Tüm bu gelişmelerin etkisi ile USD/TRY paritesinde bir süredir geri çekilme hareketlerini takip ediyoruz. Teknik olarak;
5.6050 desteği oldukça önemli. Günlük grafikleri baz aldığımızda 200 periyotluk üssel ortalamanın geçtiği seviye olması ve geçmiş fiyatlamalara baktığımızda bu ortalamanın net bir şekilde destek görevi görüyor olması önemli. Ortalamanın altına sarkmalar olsa dahi kalıcılığın sağlanamadığını ve yukarı yönde atakların oluştuğunu belirtmekte fayda var. Grafikleri incelemek isteyenler Ağustos ayında bahsettiğim fiyatlamaları net olarak görebilirler. Bu bağlamda ara destek olarak 5.65 seviyesinin izlenmesini önersem de asıl olarak 5.6050 desteğini dikkatle takip etmek gerekiyor. Bu destek seviyesinin aşağı yönde geçilmesi TL tarafında daha net değerlenme hareketinin oluşmasını beraberinde getirebilir. Fakat bu yönde bir fiyatlamaya ilişkin olasılığın düşük olduğunu düşünmekteyim. 5.6050 desteğinin altında kalıcılığın sağlanabilmesi için Türkiye’nin fon akımlarını çekebilecek yeni bir hikayeye ihtiyacı var. Yalnız böyle bir hikayenin oluşma ihtimali mevcut konjonktürde zayıf. Dolayısıyla yukarı yönde trendin bozulduğunu söylemek zor.
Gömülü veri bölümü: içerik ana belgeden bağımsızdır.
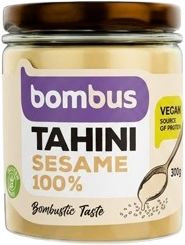 Bombus TAHINI – 100 % SESAME 300 g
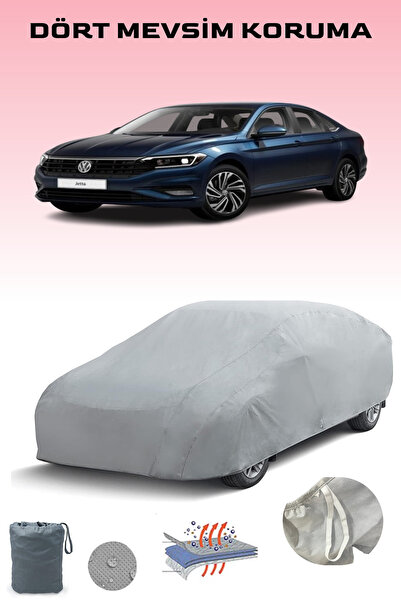 Breen مشمع سيارات لسيارة فولكس فاجن جيتا 2018 - 2021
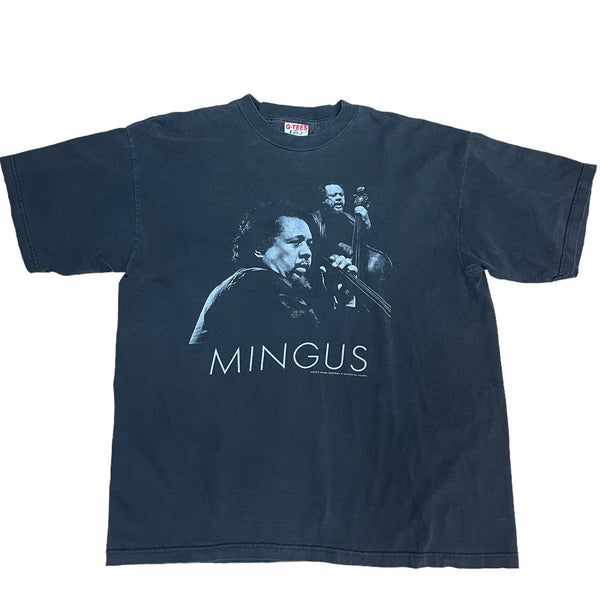 Vintage Charles Mingus Jazz T-shirt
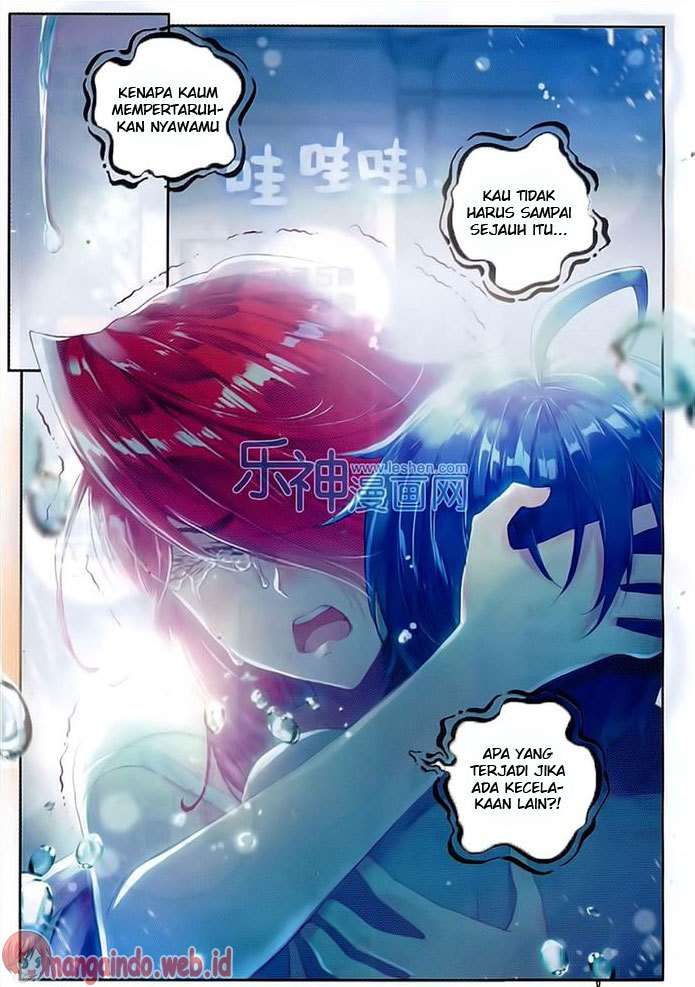 Soul Land 2 Chapter 75 - halaman 18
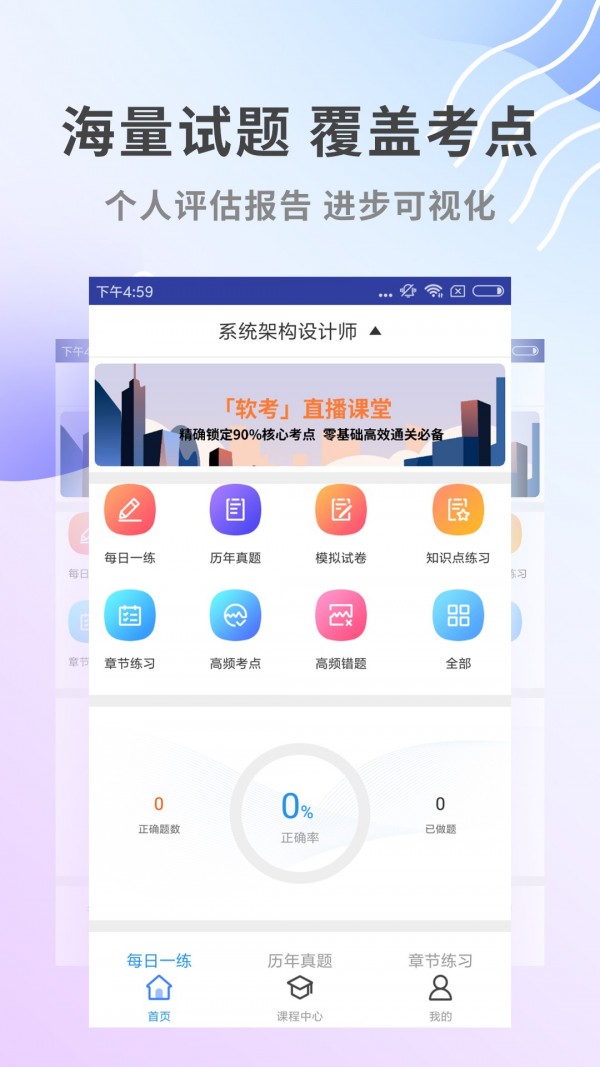 系统架构师题库软件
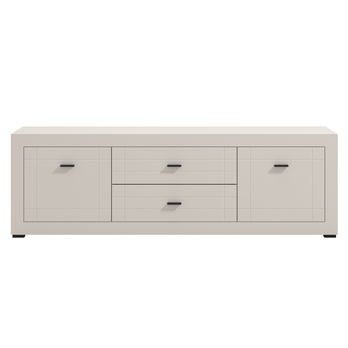 TV komoda WENRICK kašmírová, šírka 167 cm 4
Paritede yükseliş hamlesinin oluşması ile kısa vadede 5.7530 ve 5.7950 dirençleri ön plana çıkacak. Bu seviyeleri ara dirençler olarak kabul etmeliyiz. Dip seviyelere yakın bölgelerde olduğumuz düşünülürse yukarı yönde ataklarda kısa vadede ana direnç seviyesinin 5.85 olduğunu düşünüyorum.
Bir noktanın daha altını çizelim. TCMB’nin gerçekleştirdiği sert faiz indirimleri TL’nin koruma kalkanını zayıflatıyor. Yani küresel ya da yerel negatif gelişmelerin olması durumunda TL’nin benzerlerine göre negatif ayrışma riski doğuyor. Her ne kadar son dönemde pozitif haber akışı ile karşılaşsak da riskler hala masadan kalkmış değil. Özellikle yurt içi enflasyon tarafında baz etkisinin Aralık ayı ile ortadan kalkacağı ve enflasyonun yeniden yükseliş kaydedeceğini kabul edersek orta vadeye ilişkin risklerin yüksek olduğunu kabul etmeliyiz.